We abstract and symbolize the idea truth in much the same way as we abstract all ideas. However, the idea truth has implications far exceeding most every other idea. The idea truth has an inherent importance that raises it to a plane of value at the apex of our rational experience. It is a plus tenet that: the idea of truth is the corner stone of philosophy. Understanding fundamentals about truth is necessary to developing a critical appreciation of our intellectual talents and to critically discover the guidelines of sound rational thinking. Truth is essential to knowledge. If there were no truth we would have no knowledge.

Truth (impartial truth) is a high order abstraction that has a special place in the world of abstractions. Measured by significance in practical human affairs, it is the apex of all abstractions. Being able to make true judgments and to rationally apply our knowledge to the way we live is a defining element in our existence as human beings.

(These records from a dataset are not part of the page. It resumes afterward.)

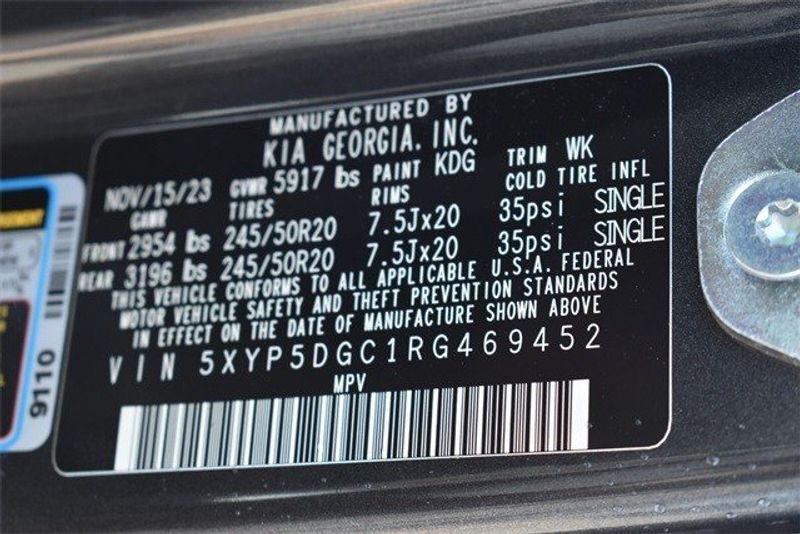 2024 Kia Telluride SX-Prestige in a Gravity Gray exterior color and Blackinterior. Raymond Auto Group 888-703-9950 raymonddeals.com 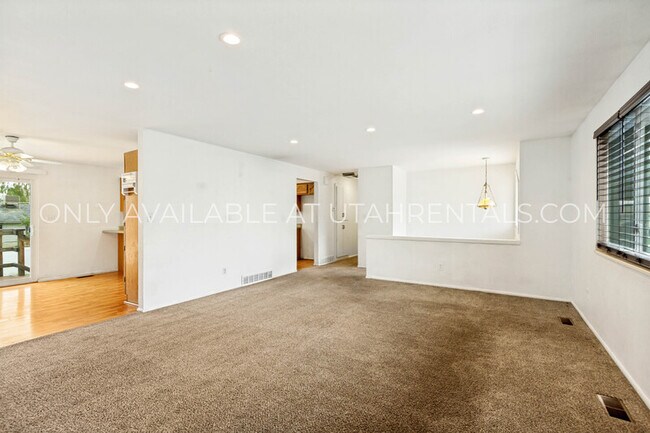 Building Photo - 262 1165 N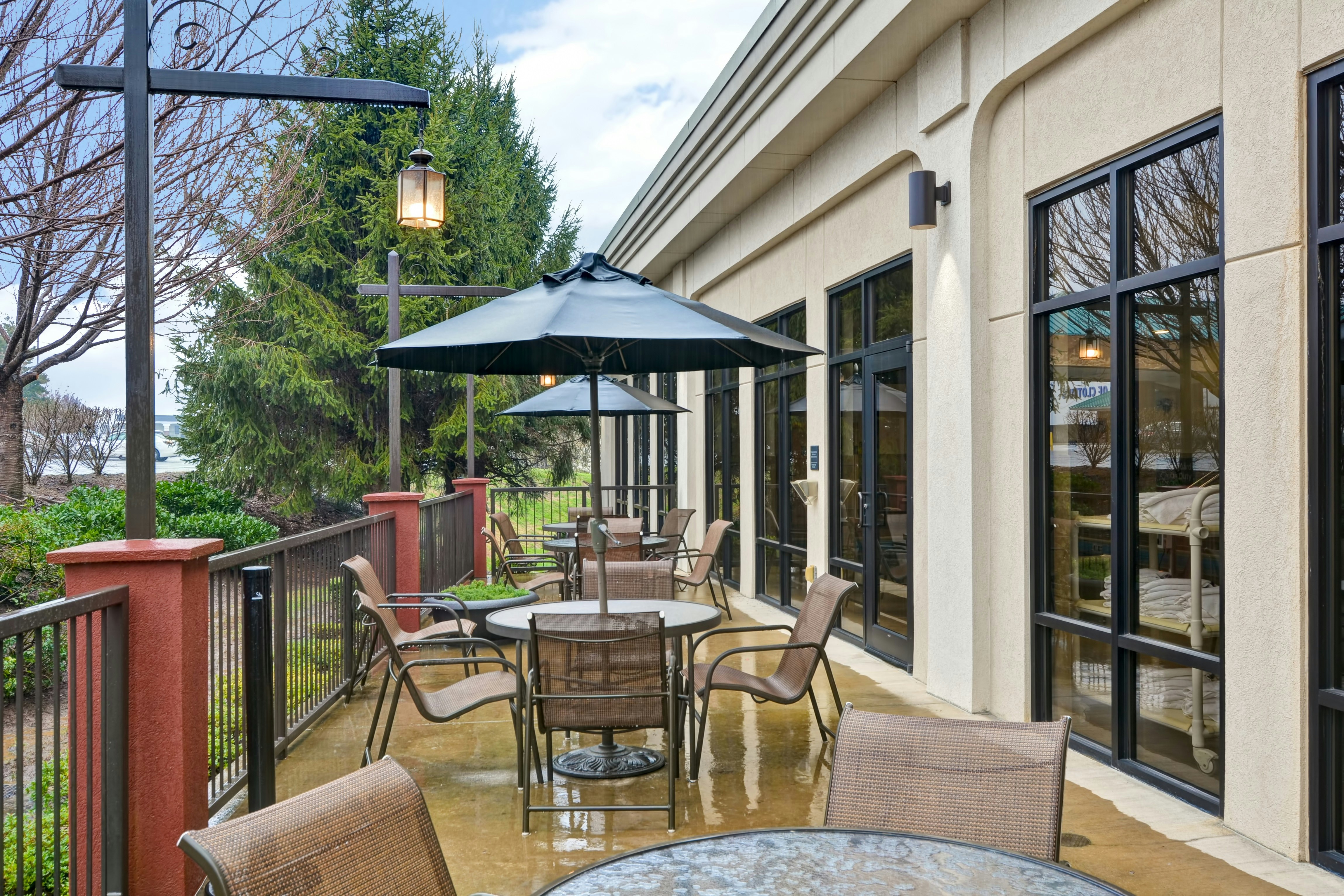 Hampton Inn Hendersonville 28/55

Because truth is so fundamental in human affairs it follows that: mistakes made in our understanding of truth have more far reaching consequences than mistakes in the understanding almost any other idea. For example a mistake in the understanding of discipline can have painful consequences for particular individuals when the idea of discipline is misused. The misuse of discipline however is an instance of the misuse of truth. Truth is a broader generalization than the idea discipline. Truth has a distinct application to all propositions involving the idea discipline whereas the idea discipline does not apply to all that is involved in the idea truth.

Definition

Having noticed that truth refers to that quality which true propositions hold in common is only the first step in developing an appropriate definition of truth. After coming in contact with such a magnificent idea, naturally we want to know more. Philosophy, the love of wisdom, develops out of our curiosity about truth. We want to know what else is there to learn other than truth refers to that quality which true propositions hold in common. Plus root theory explores the idea truth by developing a definition.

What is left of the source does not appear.